Is it true or not that $f$ is an isomorphism? If yes, then how to prove this?

$\textbf{Edit}$

It seems that the approach I gave in the post is not the best possible.

If someone could give a canonical answer based on the different argument it would be welcomed!

$\textbf{Edit 2}$

I received the following suggestion.

Since $C_1$ and $C_2$ do not intersect, $I_{C_1\cup C_2}=I_{C_1}\otimes I_{C_2}$. For $I_{C_i}$ there is a resolution of the form

$$0\to\mathcal{O}(-3)^{\oplus2}\to\mathcal{O}(-2)^{\oplus3}\to I_{C_i}\to0.$$

Tensoring these two resolution and twisting by 3 we obtain the exact sequence

$$0\to\mathcal{O}(-3)^{\oplus4}\to\mathcal{O}(-2)^{\oplus6}\to\mathcal{O}(-1)^{\oplus9}\to I_{C_1}\otimes I_{C_2}(3)\to0.$$

The first three terms do not have cohomologies, so it seems that the fourth doesn't have too. How to prove this? Should I use some spectral sequence?

It is probably true that your map $f$ is an isomorphism if the curves are chosen "sufficiently generally". But that would be a circular argument. It may well fail in general. The best I can come up with at present is the following suggestion.

Suppose that $C_1$ and $C_2$ have $2$ common bisecant lines $L$ and $M$ that meet in a point $P = L \cap M$. (I don't see any particular reason why that should not happen—maybe you can look for an example? The bisecant lines to $C_1$ cover $\mathbb{P}^3$, and similarly $C_2$.)
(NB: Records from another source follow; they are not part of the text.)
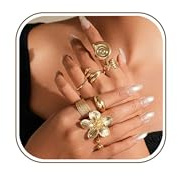 LOCCY Gold Silber Chunky Ringe Damen, Stapelbare Gold Silber Dicke Ringe Blume Seestern Muschel Goldringe Silberringe Sommer Ring Knuckle Ring Fingerringe Daumenring für Frauen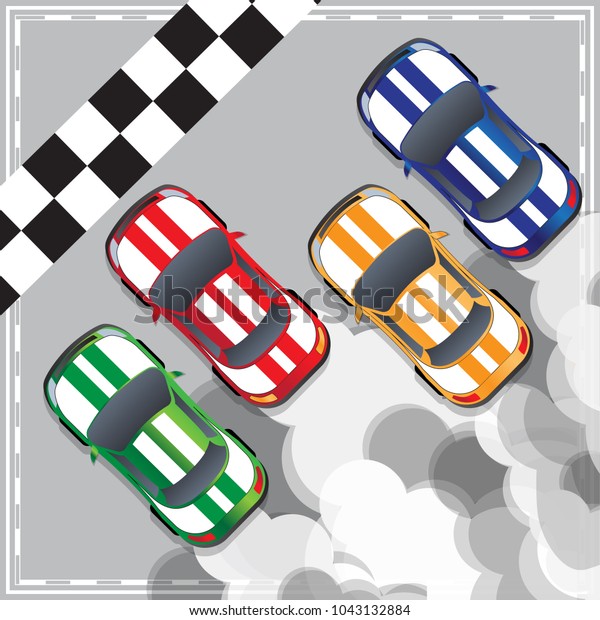 Racing cars at the finish line. View from above.\
Raster version.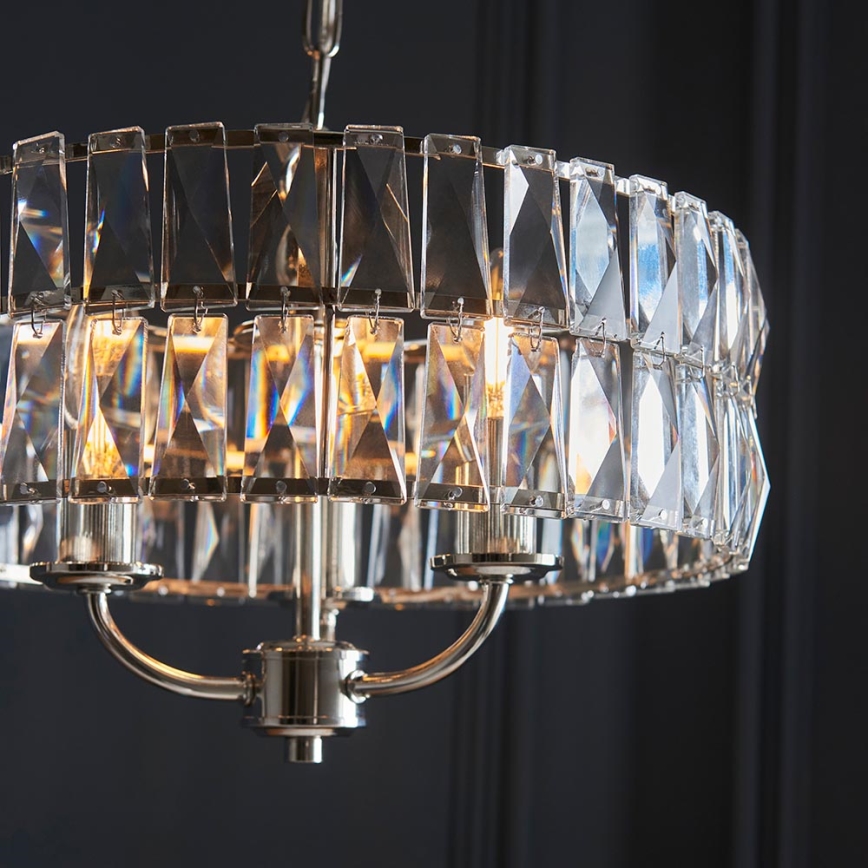Endon 104466 - Chandelier on a chain CLIFTON 3xE14/6W/230V shiny chrome/clear d. 38,5 cm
Then the condition for cubics to contain $C_1$ and $C_2$ would be linearly dependent: argue first on the $4$ points $L \cap C_1$ and $L \cap C_2$ ($4$ conditions on cubics, as should be). Then argue on $4$ points $P$ and $2$ points of $M \cap C_1$ and one of the points of $M \cap C_2$; cubics through these necessarily pass through the second point of $M \cap C_2$. So the two curves $C_1$ and $C_2$ each imposes $10$ conditions on cubics, but these conditions are not linearly independent.

It is true that twisted cubics $C_1$ and $C_2$ cannot be contained in a cubic surface $S$ that is nonsingular along both. I hope you can follow intersection numbers of curves on a surface. Because (after you resolve singularities if necessary), $C_1^2 = +1$ and $C_2^2 = +1$, so that $C_1 \cdot C_2 = 0$ would contradict the algebraic index theorem. But that argument does not work if $S$ has any singularities along the $C_i$.